Not able to run hadoop index task on the remote hadoop cluster

Geeta Iyer

unread,

Apr 9, 2014, 7:51:02 AM4/9/14

to druid-de...@googlegroups.com

Hi,

I am trying the run the hadoop index task using the indexing service. My indexing service runs on one machine. I have a separate remote hadoop cluster.

As an example, I am trying to run the wikipedia example. I have loaded the input data wikipedia_data.json on my hdfs cluster.

I have specified output path for the segments as a hdfs location.

In my overlord's runtime configuration, I have specified druid.storage.type=hdfs and specified the druid.storage.storageDirectory=hdfs://<namenode>:8020/<path>.

I have also specified druid.indexer.fork.property.druid.storage.type=hdfs and druid.indexer.fork.property.druid.storage.storageDirectory=hdfs://<namenode>:8020/<path>.

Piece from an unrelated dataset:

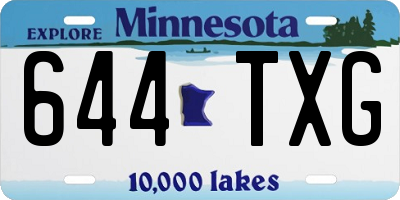 MN license plate 644TXG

I am running again hadoop 2.2. I have added the hadoop client jars, the hadoop conf files and druid-hdfs-storage jar in the class path, while starting the overlord. This is the command I use to start the overlord:

java -Xmx2g -Duser.timezone=UTC -Dfile.encoding=UTF-8 -classpath lib/*:/usr/lib/hadoop/client/*:/home/fptiuser/hdfs-storage/druid-hdfs-storage-0.6.83-SNAPSHOT.jar:/etc/hadoop/conf/*:config/overlord io.druid.cli.Main server overlord

In the wikipedia_index_hadoop_task.json, I have changed pathSpec to read the input data from hdfs. ("paths" : "hdfs://<namenode>:8020/<path>/wikipedia_data.json".

I have also specified "hadoopDependencyCoordinates" : ["org.apache.hadoop:hadoop-client:2.2.0"]

When I submit this task to the indexing service, I see two issues:

1. The MR job gets launched as LocalJobRunner (job_localxxxx). In there anything else that I need to configure, so that the job runs on the remote hadoop cluster?

2. The job fails with the following error:

java.lang.IllegalArgumentException: Pathname /<path>/wikipedia/wikipedia/2013-08-31T00:00:00.000Z_2013-09-01T00:00:00.000Z/2014-04-09T11:32:45.222Z/0 from hdfs://<name-node>:8020/<path>/wikipedia/wikipedia/2013-08-31T00:00:00.000Z_2013-09-01T00:00:00.000Z/2014-04-09T11:32:45.222Z/0 is not a valid DFS filename.

at org.apache.hadoop.hdfs.DistributedFileSystem.getPathName(DistributedFileSystem.java:184)

at org.apache.hadoop.hdfs.DistributedFileSystem.access$000(DistributedFileSystem.java:92)

at org.apache.hadoop.hdfs.DistributedFileSystem$16.doCall(DistributedFileSystem.java:817)

at org.apache.hadoop.hdfs.DistributedFileSystem$16.doCall(DistributedFileSystem.java:813)

at org.apache.hadoop.fs.FileSystemLinkResolver.resolve(FileSystemLinkResolver.java:81)

at org.apache.hadoop.hdfs.DistributedFileSystem.mkdirsInternal(DistributedFileSystem.java:813)

at org.apache.hadoop.hdfs.DistributedFileSystem.mkdirs(DistributedFileSystem.java:806)

at org.apache.hadoop.fs.FileSystem.mkdirs(FileSystem.java:1933)

at io.druid.indexer.IndexGeneratorJob$IndexGeneratorReducer.serializeOutIndex(IndexGeneratorJob.java:404)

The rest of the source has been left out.